Cybercriminals are becoming increasingly sophisticated in their attempts to steal personal information (PI). Threat intelligence researchers are warning of a malicious search advertising phishing campaign that leverages Google Ads to carry out payroll redirect scams.
Here’s how it works: Cybercriminals buy search ads with optimized keywords to have their phishing pages rank at the top of Google Search results. These pages are aimed to lure victims into providing access to their company’s employee portal. Once the employee’s account is accessed, the attackers use additional credential information—such as social security numbers obtained from illicit online forums—to change their banking information to redirect funds to a fraudulent bank account.
Employers must play a vital role in protecting their workplace from these threats. By equipping employees with the right knowledge and tools, you can foster a strong culture of security awareness. Here are 5 things you can do to safeguard your employees and your organization:
Train Your Workforce
Hold regular training sessions to educate employees on identifying phishing emails, fraudulent calls, and other types of scams. Incorporate real-world examples of common scam tactics, such as impersonating a trusted vendor or colleague to request sensitive information. Stress the importance of verifying any unexpected or unusual requests before sharing any data.

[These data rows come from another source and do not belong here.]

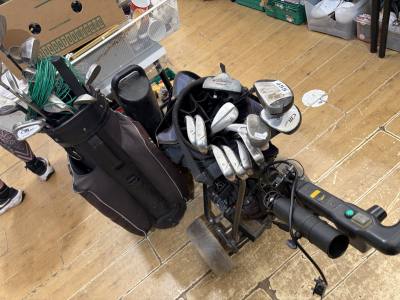 2 X GOLF BAGS + TROLLEY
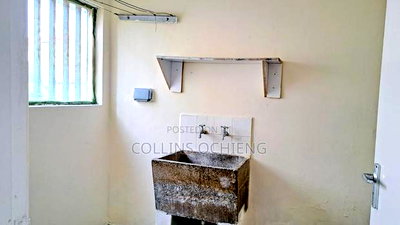 3bdrm Apartment in Nyayo Estate, Embakasi for sale - Image 8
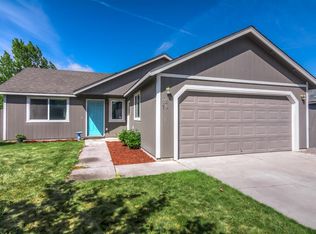1215 SW 32nd Ct, Redmond, OR 97756
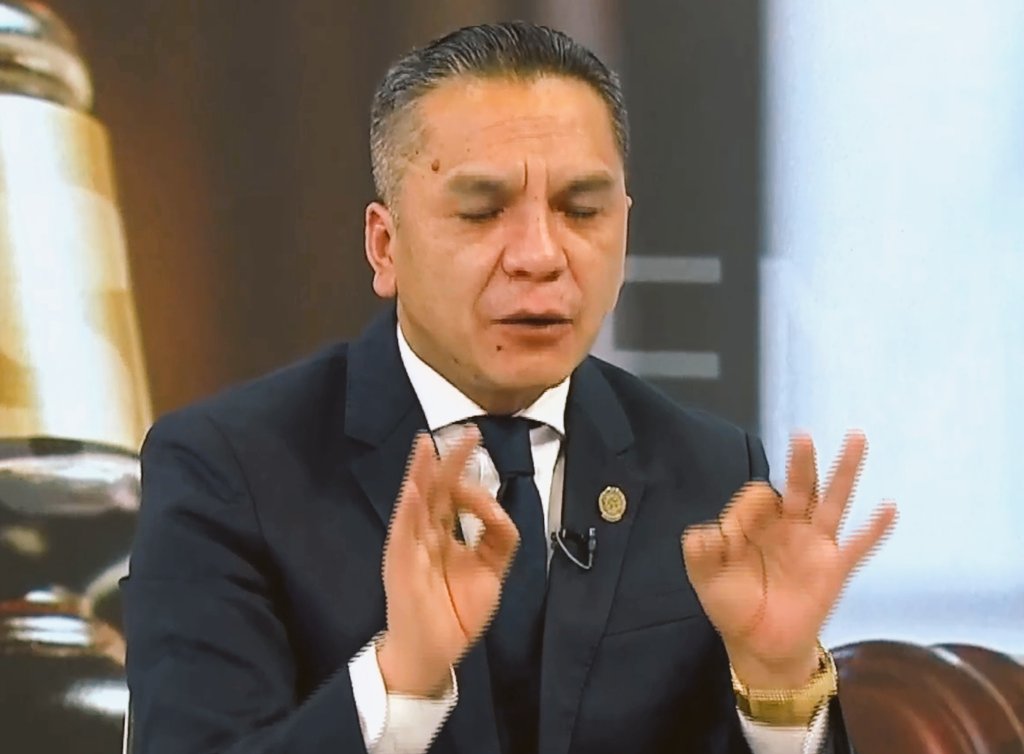 Los Vocales del Consejo de la Judicatura procesados por la justicia escojeran jueces.....

Esa es la justicia ecuatoriana..... apesta todo ese poder judicial.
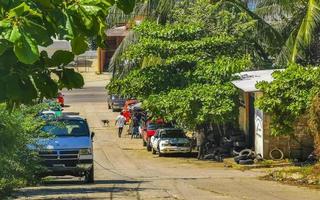 puerto escondido oaxaca méxico 2022 estrada movimentada rua dirigindo carros engarrafamento puerto escondido méxico. foto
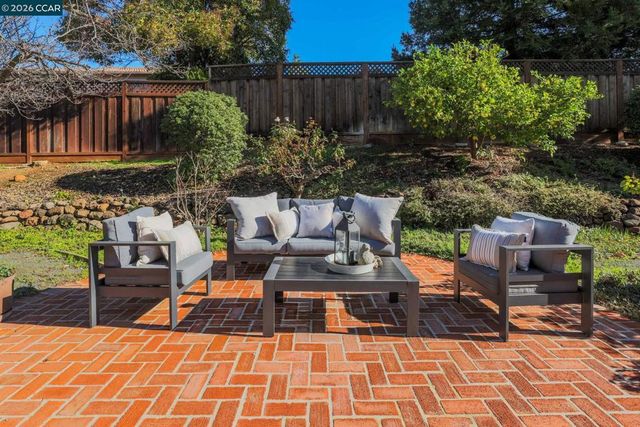 406 Mt Sequoia Ct, Clayton, CA 94517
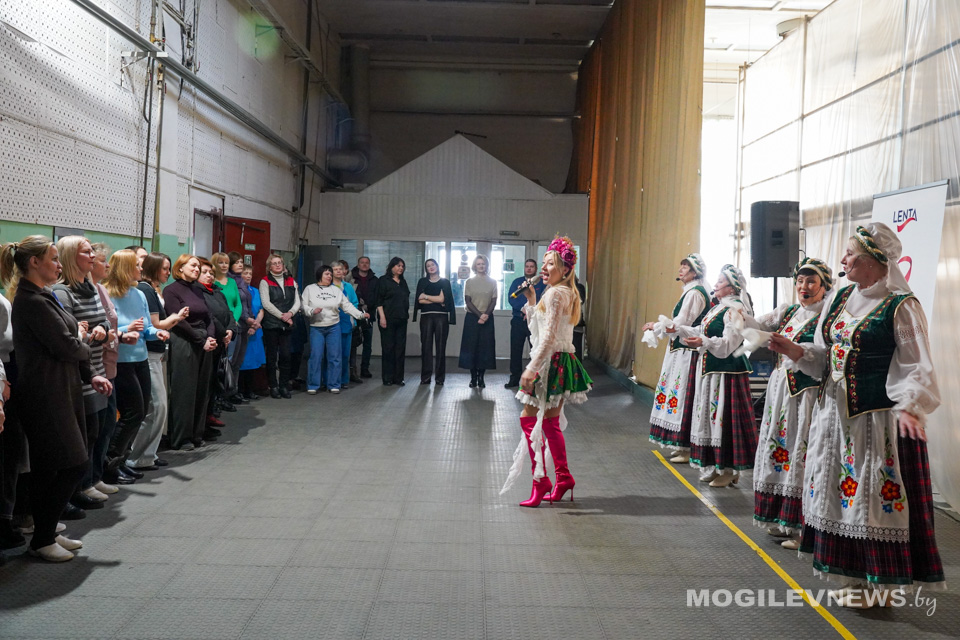 В ОАО «Лента» поздравление женщин с 8 Марта вышло за привычные рамки. Фото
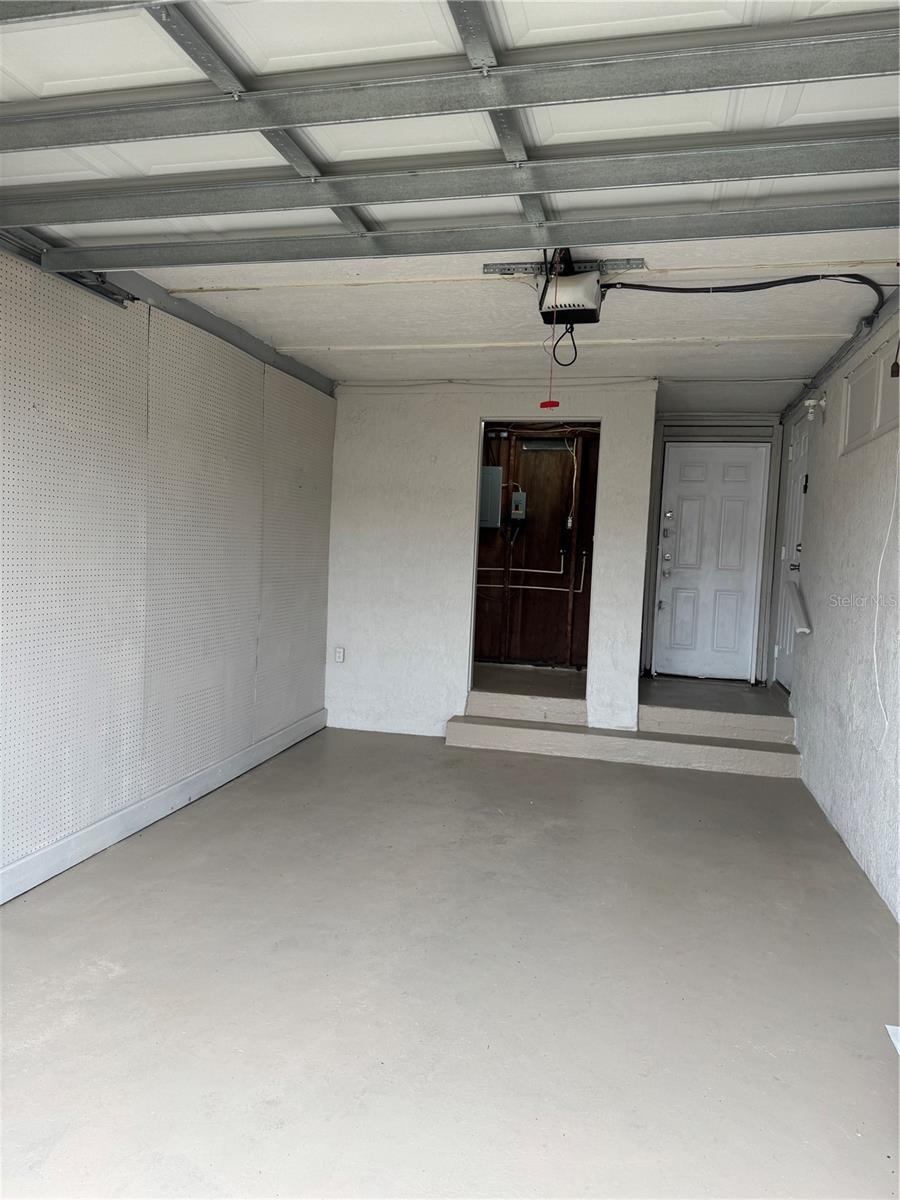 Image 12 of 12 For 618 Clifton Street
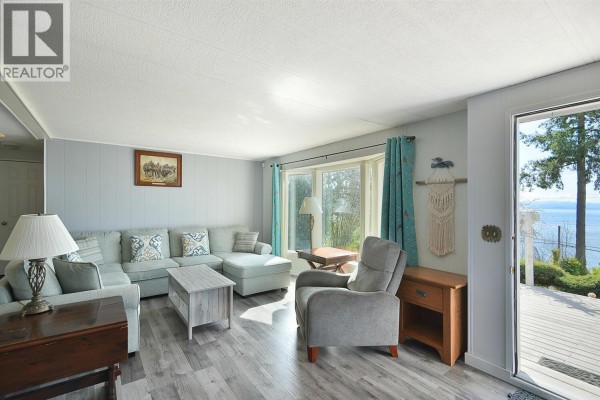 5218 Sunshine Coast Highway, Sechelt, BC V7Z0C1 Photo 4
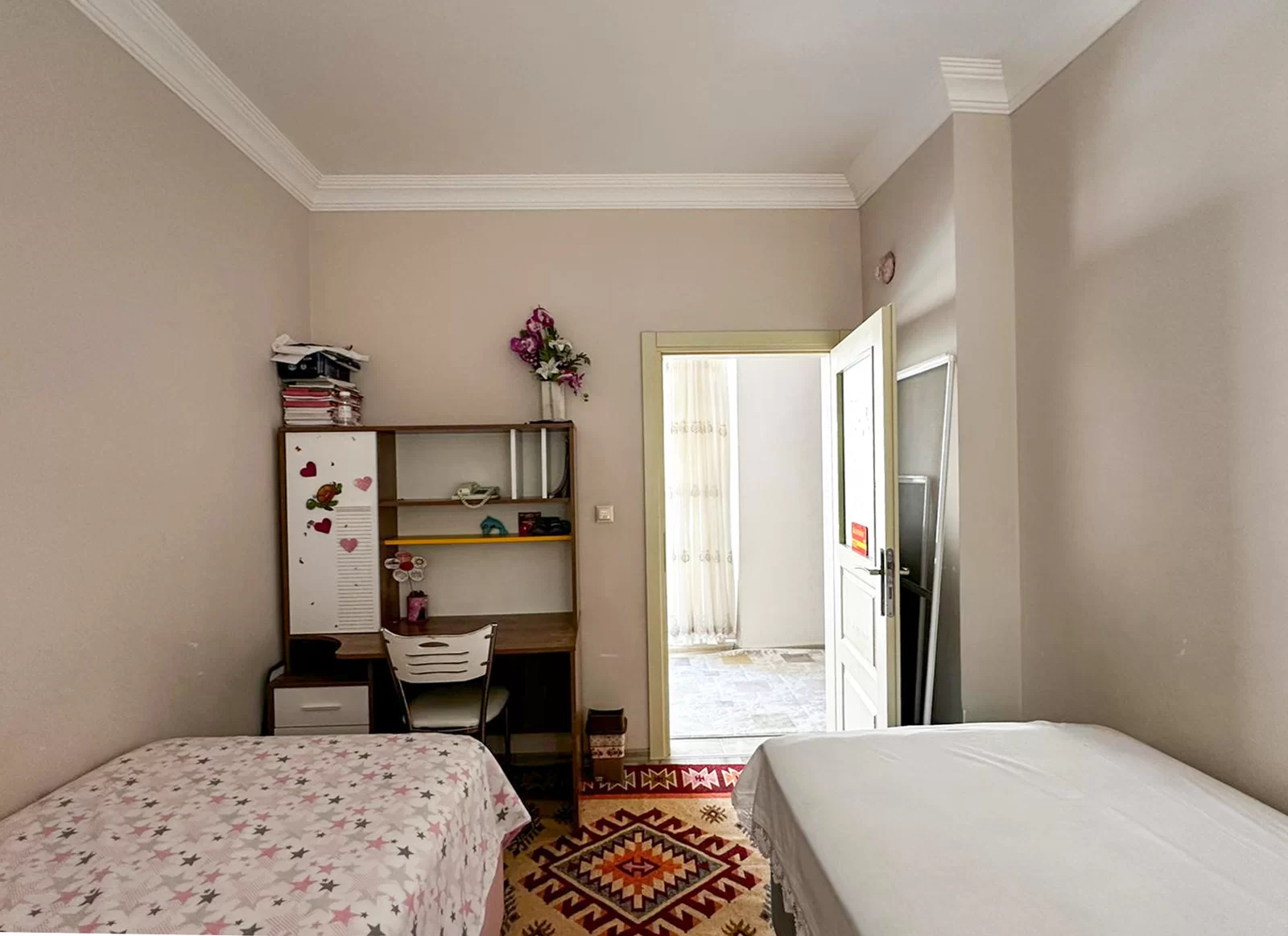CEDİT MAH.de MÜSTAKİL GARAJI 2+1 SATILIK DAİRE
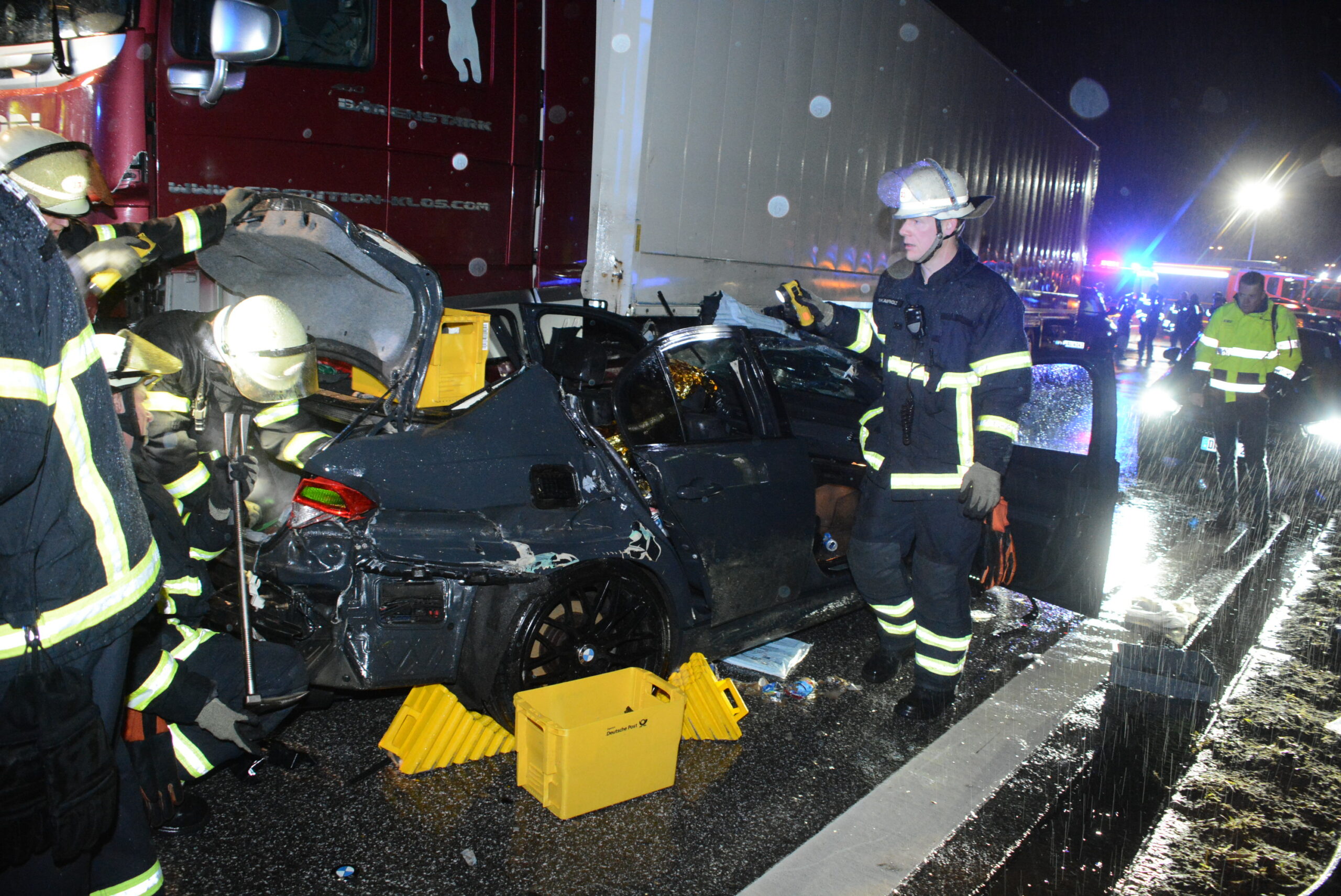 Schwerer Unfall auf A1: Zwei eingeklemmte Pkw-Insassen mussten per Crash-Rettung schnellstens aus dem Unfallwagen befreit werden.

Strengthen Internal Security Policies
Establish robust policies for handling sensitive information. Limit access to PI based on role necessity and enforce strong password policies. Require employees to use multi-factor authentication for accessing company systems, adding an extra layer of security.
Deploy Technology Safeguards
Invest in tools like email filters, firewalls, and antivirus software to detect and block potential scams. Regularly update software and systems to patch vulnerabilities that scammers might exploit.
Conduct Simulated Scams
Test your employees’ awareness by running simulated phishing campaigns. Use the results to identify areas where additional training is needed. Periodically review and audit your security practices to ensure they are up to date with emerging threats.
Create a Reporting Culture
Encourage employees to report suspicious emails, calls, or activities immediately. Set up a clear and anonymous reporting process, and ensure employees feel safe sharing concerns without fear of retaliation.
By taking a proactive approach and implementing these measures, employers can significantly reduce the risk of employees falling victim to scammers. Protecting PI isn’t just good practice—it’s a responsibility that ensures trust and security for your workforce.
At Counter Point, security is our priority. We provide thorough training to our staff, equipping them with the knowledge and tools to prevent potential breaches. Using advanced monitoring systems, we detect and manage fraud risks by identifying emerging trends, stopping known threats, and addressing security gaps to protect our customers and minimize financial impacts.
As fraud tactics grow more sophisticated, we stay ahead with cutting-edge monitoring to safeguard both our business and, most importantly, our customers.